中越沖地震

新潟で、また大きな震災が起きた。地震の規模は、3年前の中越地震と同じM6.8。亡くなった人の中には、前回の被災者もいるそうだ。「なんでうちばっかり」と嘆きたくなる住民の気持ちは分かる。
今回の震災で見落とせないのは、東京電力柏崎刈羽原発での火災、放射能漏れだ。変電器の出火確認から消防隊の到着まで1時間、鎮火までには2時間近くもかかったという。
119番がかかりにくく、通報が遅れたうえ、消防車の到着も遅かった。事前に定められていた社員による自衛消防隊の結成は、原発本体の点検作業などに追われて不可能だったとか。消防署員が化学消火剤で消すまで、事実上なにも対応できなかったわけだ。

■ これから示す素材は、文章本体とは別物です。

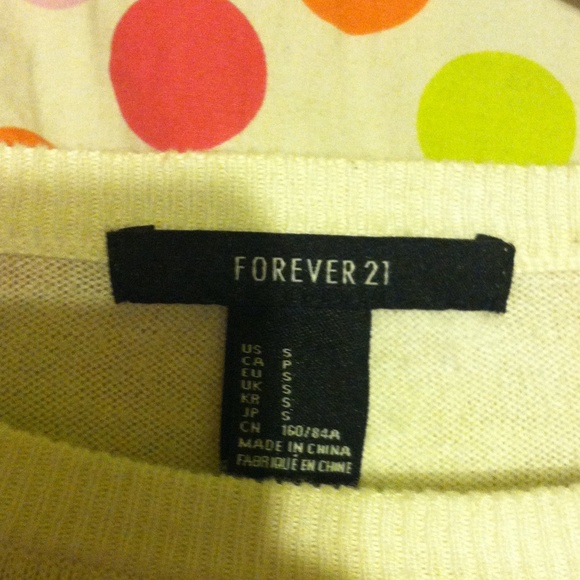 Mustache sleeved crop top - Picture 2 of 2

海に漏れ出た放射性物質は、国の安全基準を下回るレベルで、東電は「環境に与える影響はない」としているそうだ。だからといって「ああ、そうですか」で済む問題ではない。
そもそも今回の地震は、耐震設計で想定していた「限界地震」を大幅に上回ったという。そんなことでよいのか。地震の規模は3年前と同じではないか。想定外だった、不可能だった、でも大きな影響はなかったから大丈夫−そんな理屈は通らない。
事故は千差万別。安全に「絶対」はないにしても、先行の過ちや経験が一向に生かされているように思えない。手の打ちようがないのか、その気がないのか。「限界」に来ているのは設計基準どころか、国民の怒りと不安であることを、国も原発操業各社も思い知るべきだ。